▸ How to complete this task: Copy all the entries word for word, but omit the pictures.

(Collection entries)
┄┄┄┄┄┄

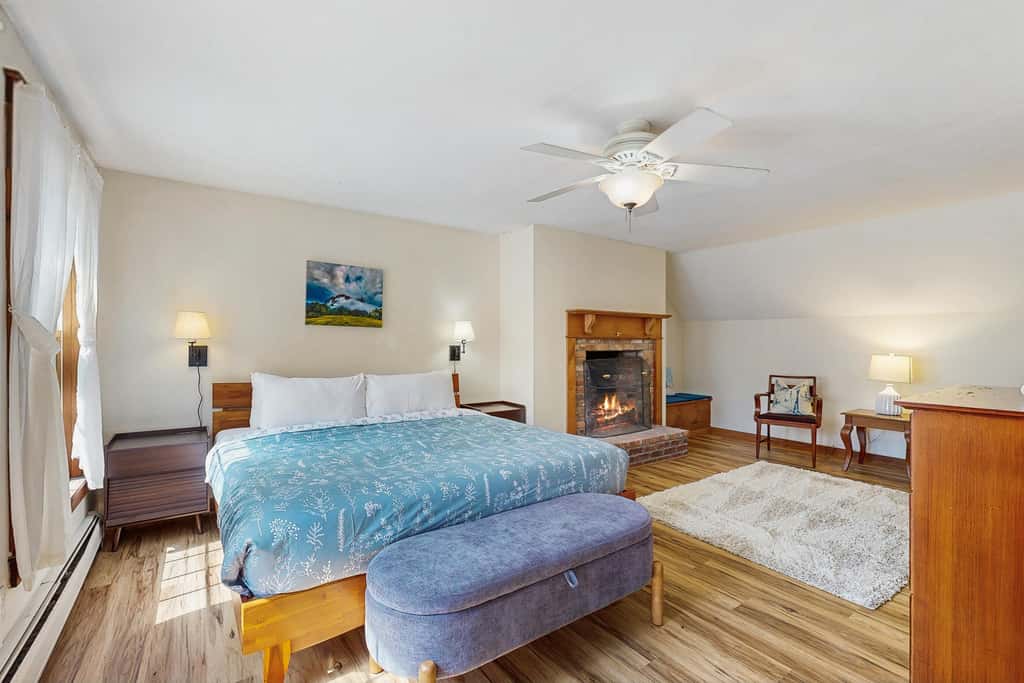 Sterling Pond House
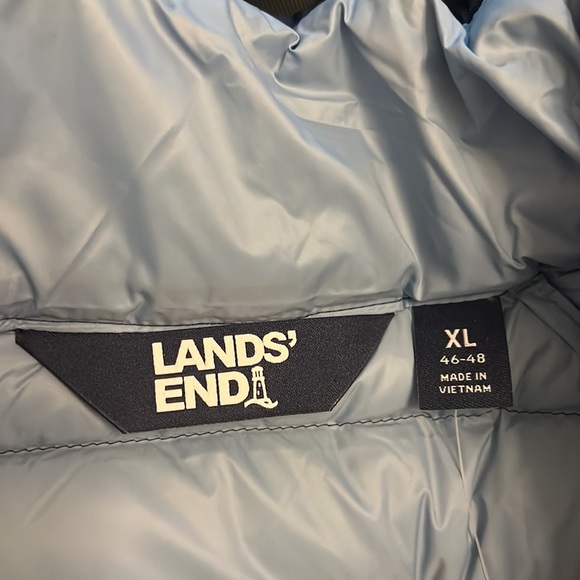 Men's Ultra Lightweight Lands EndDown Vest. Size XL. NWT - Picture 3 of 9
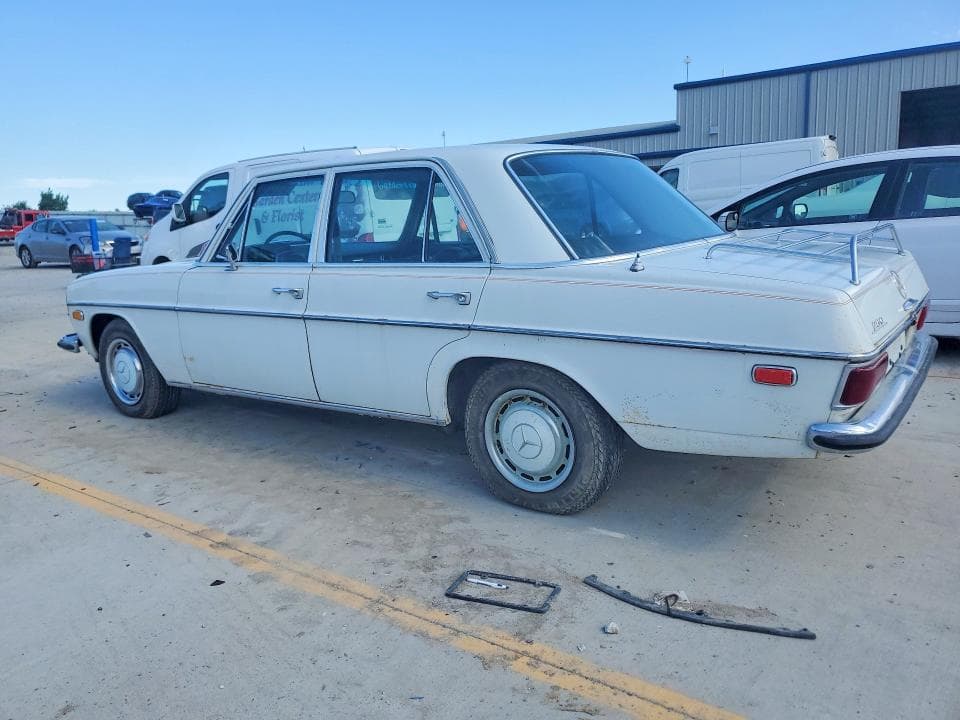1968 MERCEDES-BENZ 250 2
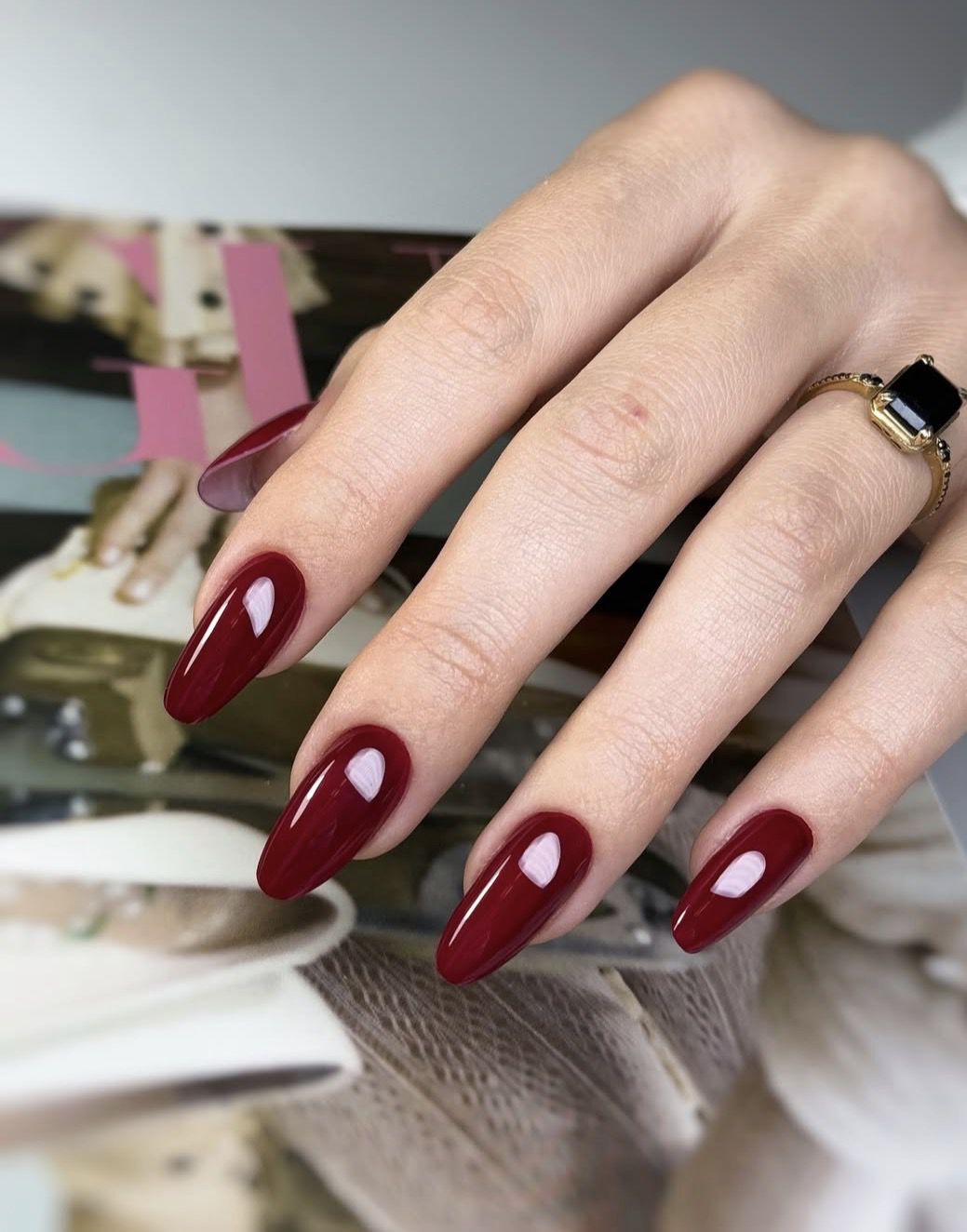 Манікюр на Новий рік 2026: головні кольори та ідеї сезону. Від яскраво-червоного до холодного зеленого — колір манікюру 2026 року втілює енергію та стриману елегантність прийдешнього року.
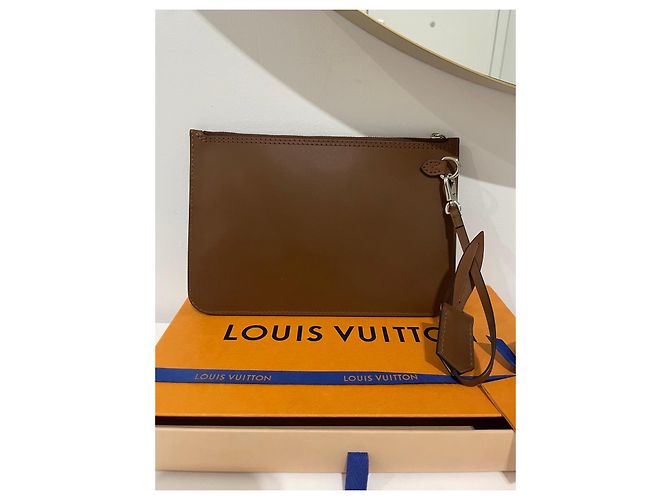Louis Vuitton Pochette Voyage MM Monogram Canvas Marrone - vista 3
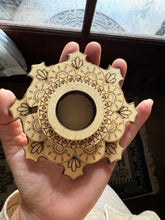 Load image into Gallery viewer, Wooden Stacked Sphere Stand
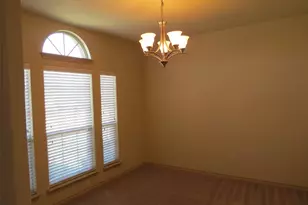 11045 Erinmoor Trail, Fort Worth, TX 76052 - Photo 2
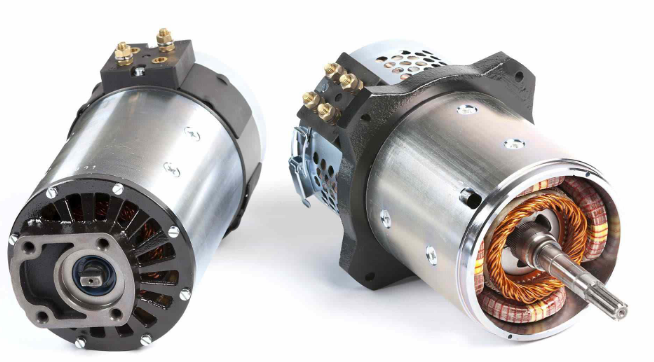 如何控制直流電機(jī)的電流呢？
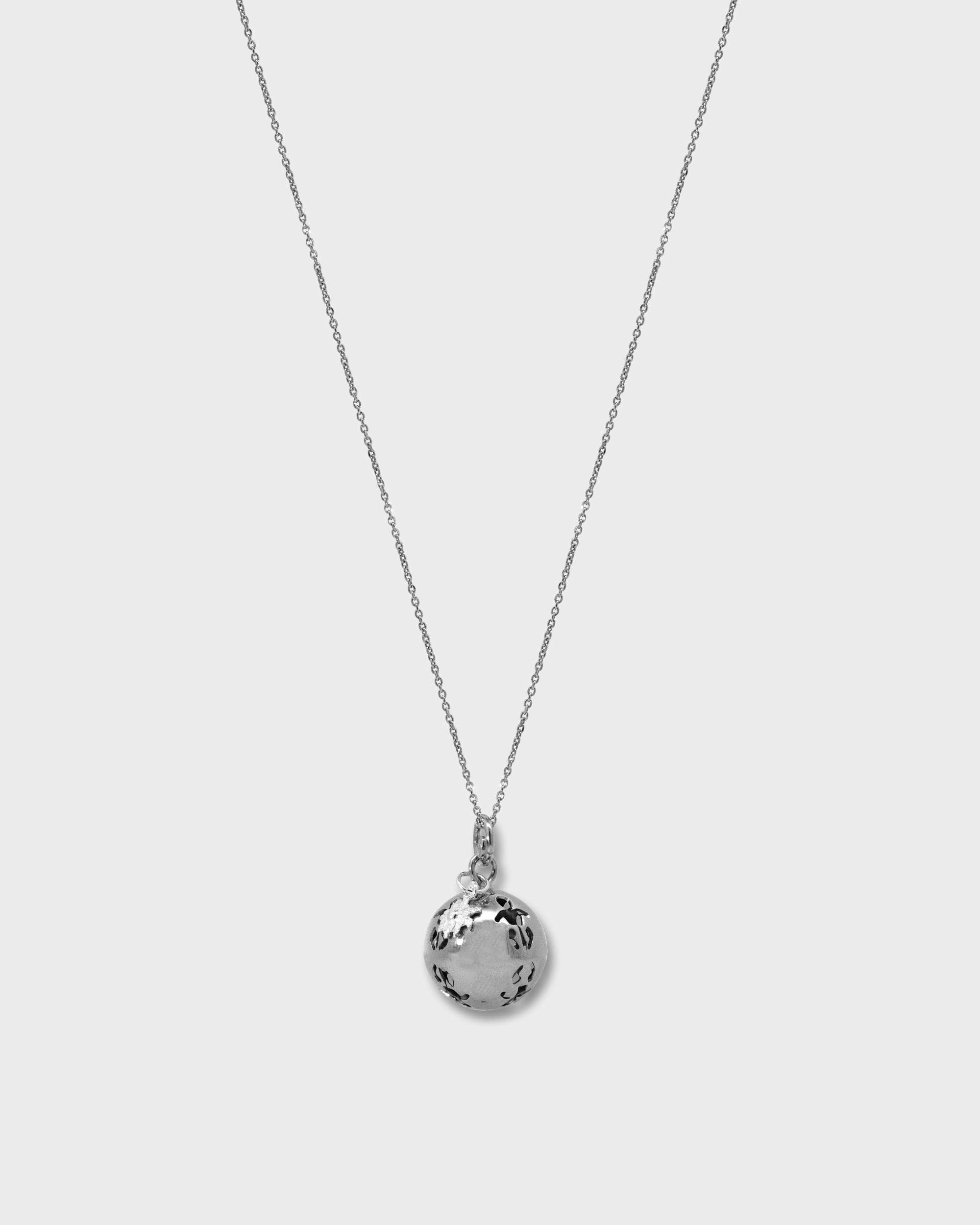 Imagen 0 de Llamador de ángeles bola con silueta bebé de plata con cadena 110cm Plateado
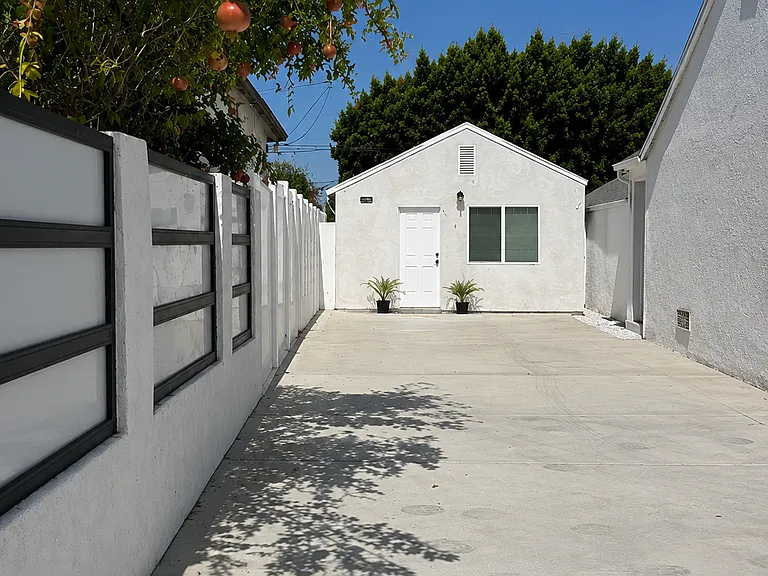 6431 Gentry Ave — Photo 2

┄┄┄┄┄┄

▸ Response:
 Sterling Pond House
 Men's Ultra Lightweight Lands EndDown Vest. Size XL. NWT - Picture 3 of 9
1968 MERCEDES-BENZ 250 2
 Манікюр на Новий рік 2026: головні кольори та ідеї сезону. Від яскраво-червоного до холодного зеленого — колір манікюру 2026 року втілює енергію та стриману елегантність прийдешнього року.
Louis Vuitton Pochette Voyage MM Monogram Canvas Marrone - vista 3
 Load image into Gallery viewer, Wooden Stacked Sphere Stand
 11045 Erinmoor Trail, Fort Worth, TX 76052 - Photo 2
 如何控制直流電機(jī)的電流呢？
 Imagen 0 de Llamador de ángeles bola con silueta bebé de plata con cadena 110cm Plateado
 6431 Gentry Ave — Photo 2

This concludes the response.